Plus, he adds, riding a good year on the Mainland, Mesa has $300 million in capital socked away to back its venture. “We have the ability to put a lot of firepower into it and we have the right cost structure to fly short flights,” Ornstein says.

Aloha and Hawaiian executives say they are more than ready to take on any newcomer. Industry experts are split on whether Mesa will in fact arrive if Aloha successfully reorganizes.

But industry consultant Bob Mann, of New York-based R.W. Mann, says it is nearly inevitable someone else will step up if Mesa backs down. Mann says the entrance of a third carrier in Hawaii has been cyclical. Whenever the fares hit highs that the public has a hard time swallowing, as they have today, someone emerges.

Take FlyHawaii, the startup interisland airline backed by Lion Coffee founder James Delano. It was slated to open this year, but interest cooled after Mesa talks heated up.

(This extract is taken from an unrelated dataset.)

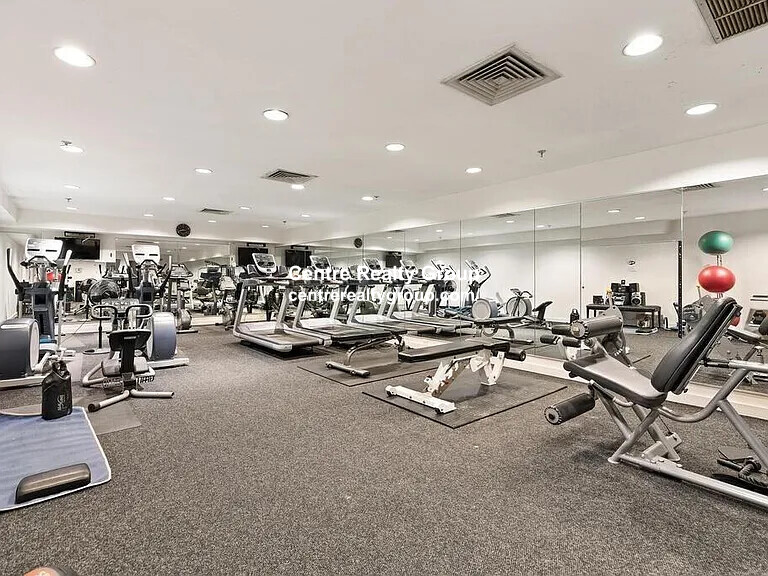 15 North Beacon St, Allston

“There is always somebody who thinks ‘I could be the third guy. I could clean up,'” says Mann. “But even if they do, it is a tough market and [Aloha and Hawaiian] are not going to be willing to give up market share.”

When asked about the potential entrance of a third carrier into the Hawaii market, Mark Dunkerley, president and CEO of Hawaiian, quipped, “This is a movie that has been seen many times before and it always has the same ending. I don’t see any reason to suppose we will get a different ending to the same movie.”

Shrinking Market

Dunkerley is using the history of airlines in Hawaii as his guidepost for the potential outcome of the appearance of a third carrier today. Hawaii has seen Mid Pacific Air, Discovery Airways and Mahalo Air in the past 25 years, and all three failed to knock off either Aloha or Hawaiian or to coexist. As far as major interisland carriers go, Hawaii is a two-carrier town.

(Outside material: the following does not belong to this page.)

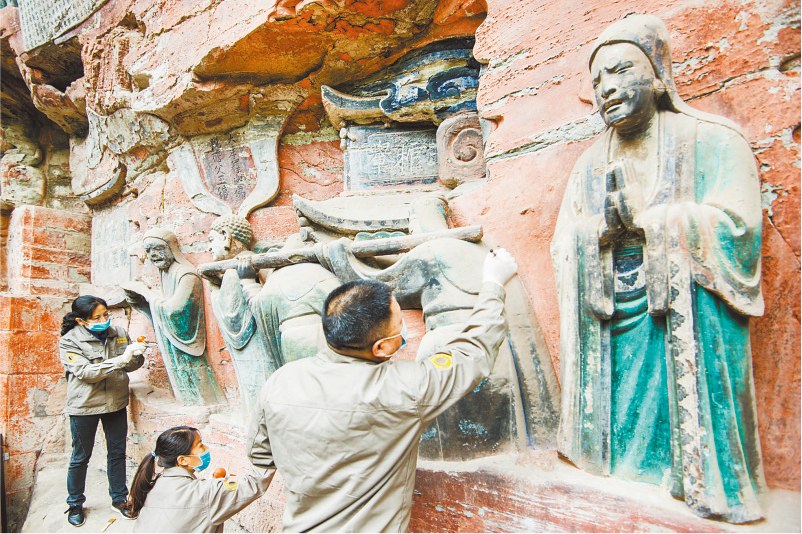 大足石刻宝顶山景区内,陈卉丽和团队正在对造像进行维护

But Dunkerley says Hawaiian, a subsidiary of Hawaiian Holdings Inc. (AMEX:HA), is not focused on any individual potential competitor, but rather on the unique challenges of the Hawaii market and how his airline can best respond. “We need to focus on our customers and providing a service that is second to none,” he says.

Unlike other airlines based in cities such as Chicago, Hawaiian and Aloha are based in a market with just 1.2 million people, he says. “That puts a limit on the core business for which we have a natural advantage versus our [Mainland] competitors.” The Island airlines, he says, are also at a disadvantage when it comes to lower costs: the Mainland big hitters can reduce costs by scale.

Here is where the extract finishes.